О. Алексий сказал Маркову, что Императрица просила его покинуть Тобольск, так как здесь опасно и перебраться в Покровское. «Стиснув зубы, с тупым отчаянием, выполняя волю Их Величеств», Марков отправился в Покровское. Там он прибыл в дом Распутина и познакомился с его вдовой и младшими дочерьми. От них же он узнал, что Соловьев арестован. Опасаясь собственного ареста в случае красногвардейской облавы, Марков уехал в Тюмень. Там он принял решение вернуться в Петроград, но вместо этого оказался в рядах Красной Армии в качестве командира и снова под своей фамилией. Причины этой метаморфозы остаются до сих пор неясными. Марков 2-й недвусмысленно обвинял «Маленького Маркова» в двурушничестве. Действительно, в действиях «Маленького Маркова» много непонятного и странного, но обвинять его в предательстве все же нет никаких веских оснований.

Не менее запутанно обстоит дело и с Б.Н. Соловьевым.

Б.Н. Соловьев – сын казначея Святейшего Синода Н.В. Соловьева, который был большим почитателем Г.Е. Распутина. До Мировой войны Соловьев готовился к поступлению в Духовную Семинарию. Но началась война, и Соловьев добровольцем ушел на фронт. Во время отступления 1915 года он был ранен и эвакуирован в Петроград. Там он поступил в офицерскую стрелковую школу и по ее окончании был зачислен во 2-й пулеметный полк. Там он встретил Февральскую революцию105.
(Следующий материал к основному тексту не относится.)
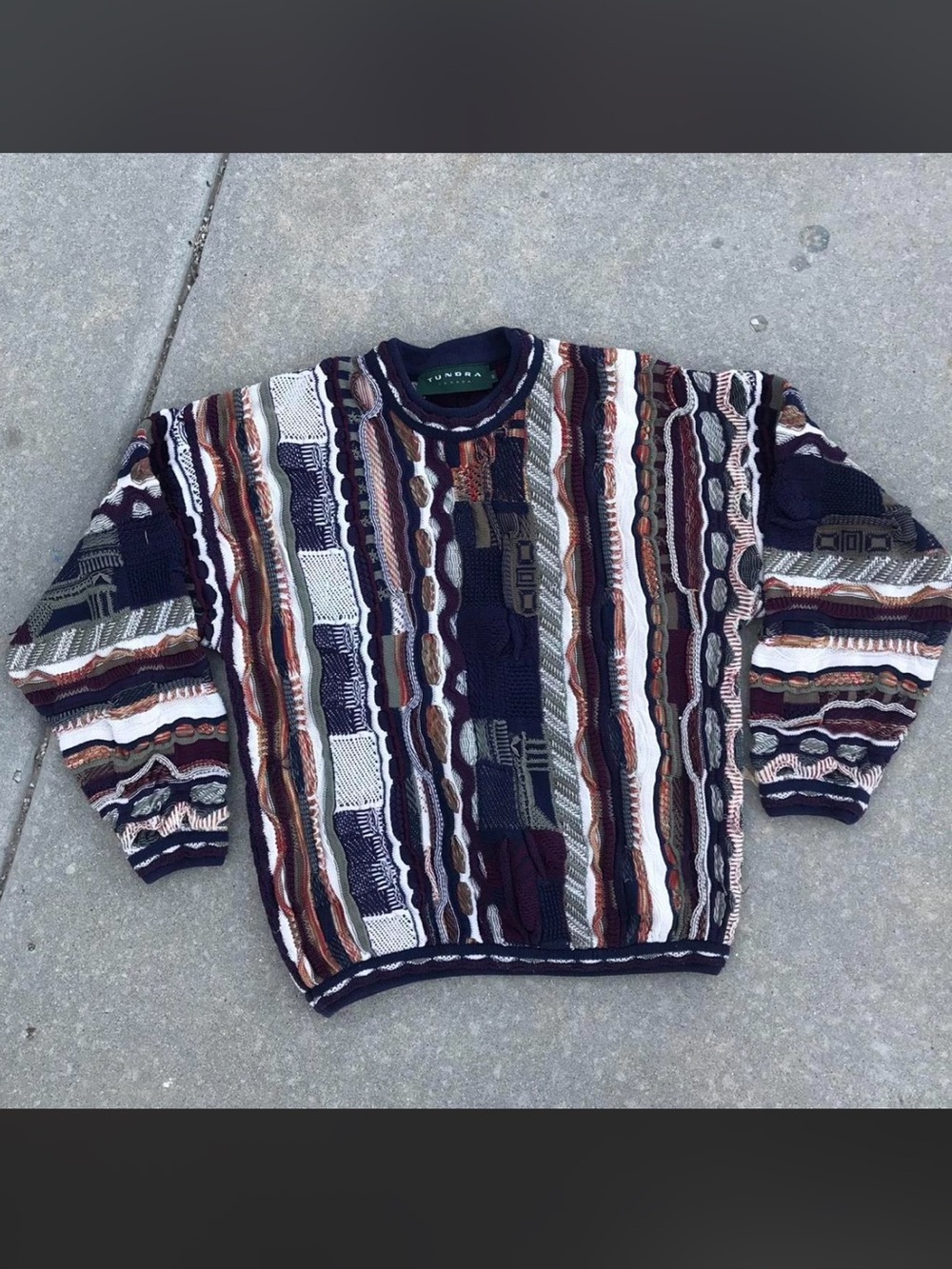 Tundra Multicolor Patterned Crewneck Coogi Style Sweater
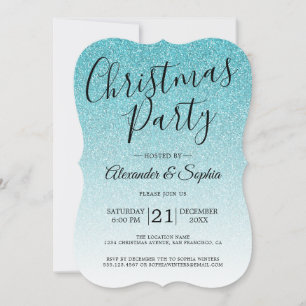 Invitation Parties scintillant Bleu Chic Script Ombre Christm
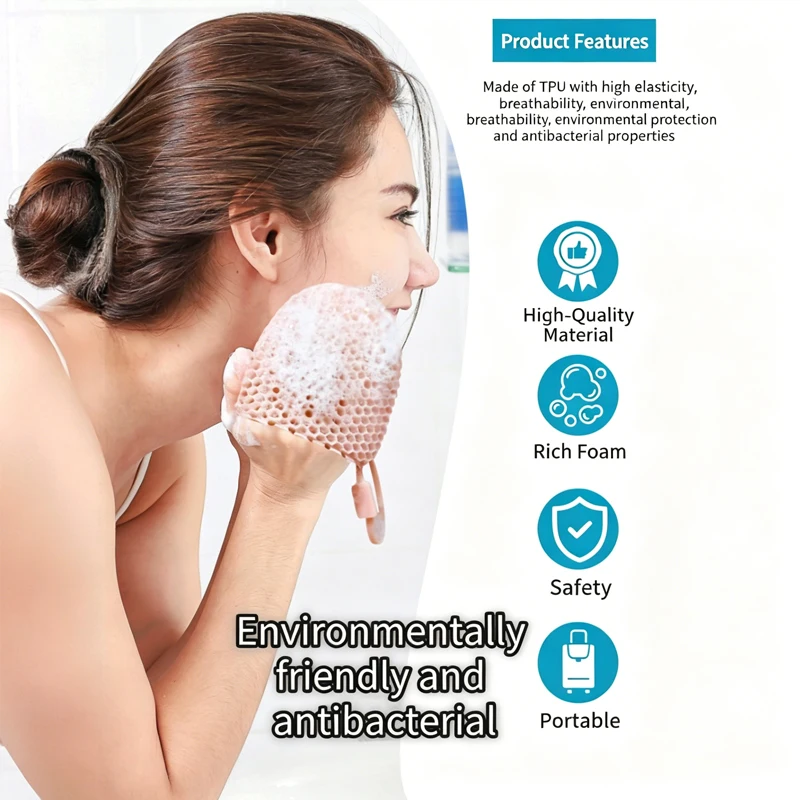 Honeycomb Exfoliating Shower Finger Caps Body Scrub Cleansing Bath Mitt Breathable Odorless Skin Care Tool Multi-Color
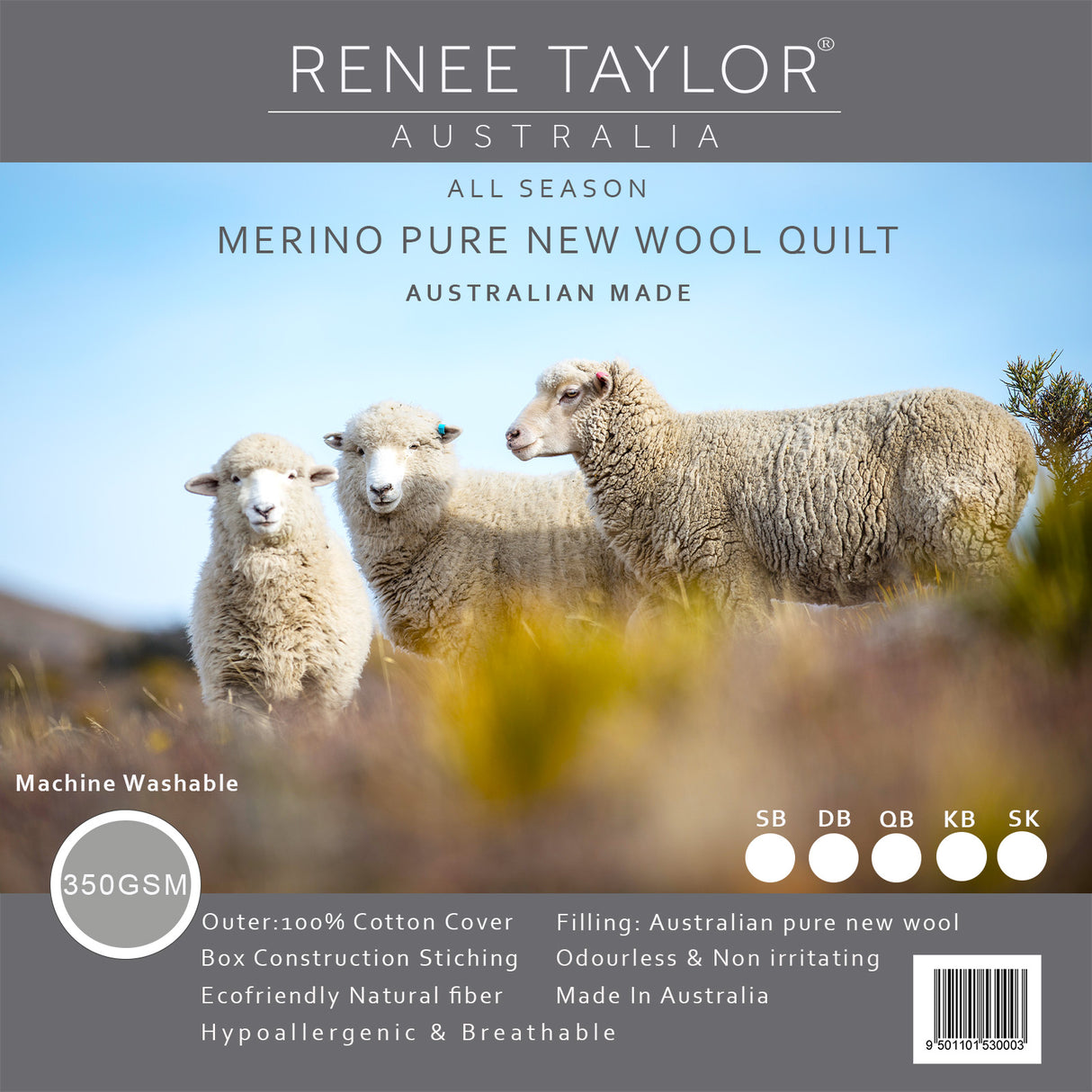 Renee Taylor Australian Pure Merino Wool Quilt / Duvet 350 GSM Double Bed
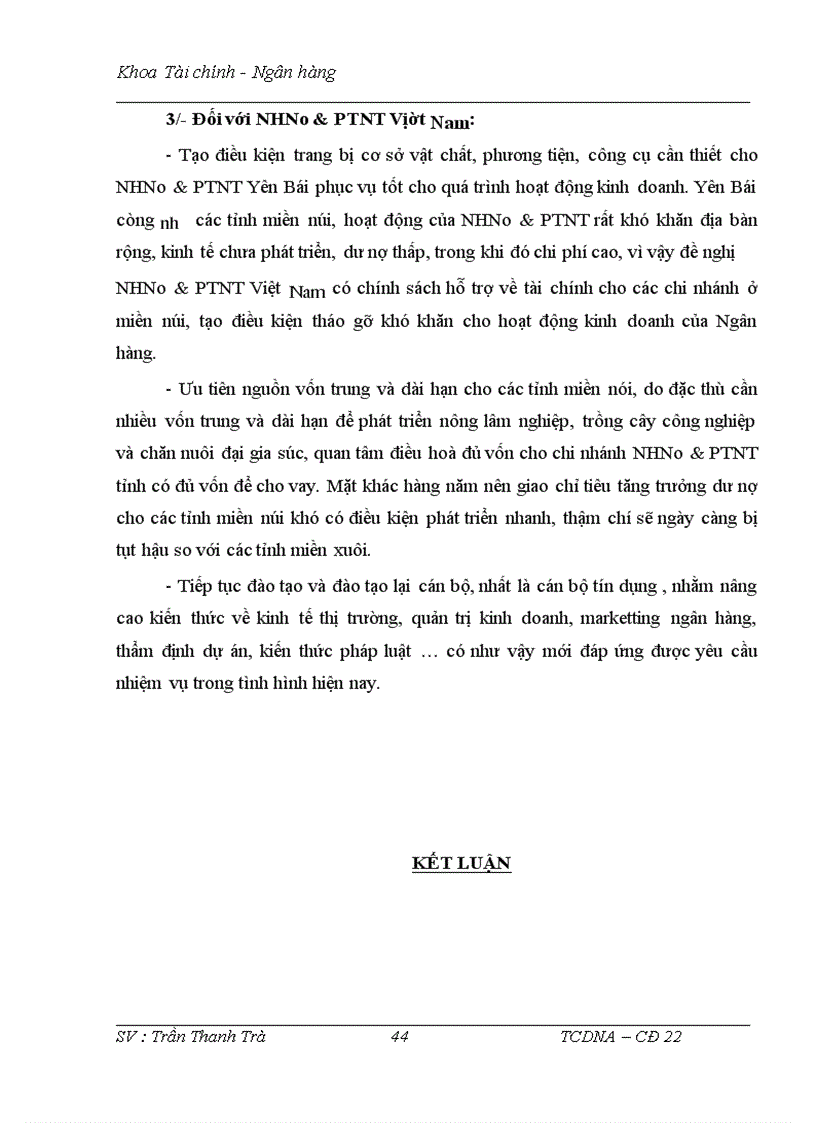 image for page Thực trạng nguồn vốn và sử dụng vốn tại NHNo & PTNT tỉnh Yên Bái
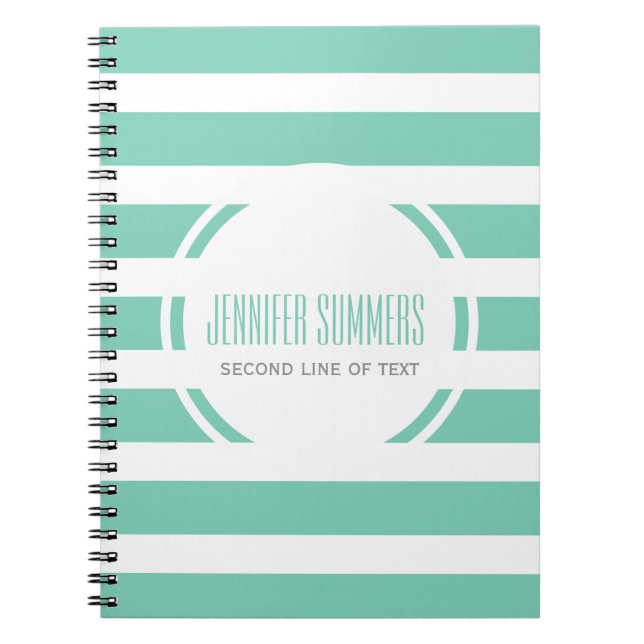 Modern Mint-Green And White Stripes Pattern Spiral Notebook (Front)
О.А. Платонов утверждает, что во время февральского мятежа Императрица Александра Феодоровна якобы через Соловьева передавала Государю письма106. Это, впрочем, весьма сомнительно, ибо по множеству свидетельств Императрица до революции лично не знала Соловьева. В письме Императрицы Александры Феодоровны Государю от 2 марта 1917 года действительно встречается фраза: «Грамотин и Соловьев едут к тебе с двумя письмами»107. Но, скорее всего, речь здесь идет о каком-то другом Соловьеве, так как если бы это был зять Распутина, он бы не преминул рассказать о встрече с Императрицей и отправке с ним письма Государю. К тому же, по словам самого Соловьева, он был арестован 26 или 27 февраля мятежными солдатами и препровожден в Государственную Думу.

Находясь арестованным в Думе, Соловьев неожиданно становится, с его слов, обер-офицером и адъютантом А.И. Гучкова, который тогда был председателем военной и морской комиссии Государственной Думы. Если этот факт действительно имел место, то непонятно, как все это могло произойти. Сам Соловьев объяснял это свое перевоплощение следующим образом: «Вы спрашиваете, почему так вышло? Потому что я, получив воспитание в консервативно-патриархальной среде, никогда не интересовался и никогда не занимался никакой политикой, будучи проникнут с самого детства религиозными началами, занимавшими меня почти всецело. Все вокруг опрокидывалось, рушилась святая святых. Хотелось не молчать, протестовать, но что же можно было сделать? Не тащили больше никуда из Думы, куда меня притащили солдаты – вот и сидел»108.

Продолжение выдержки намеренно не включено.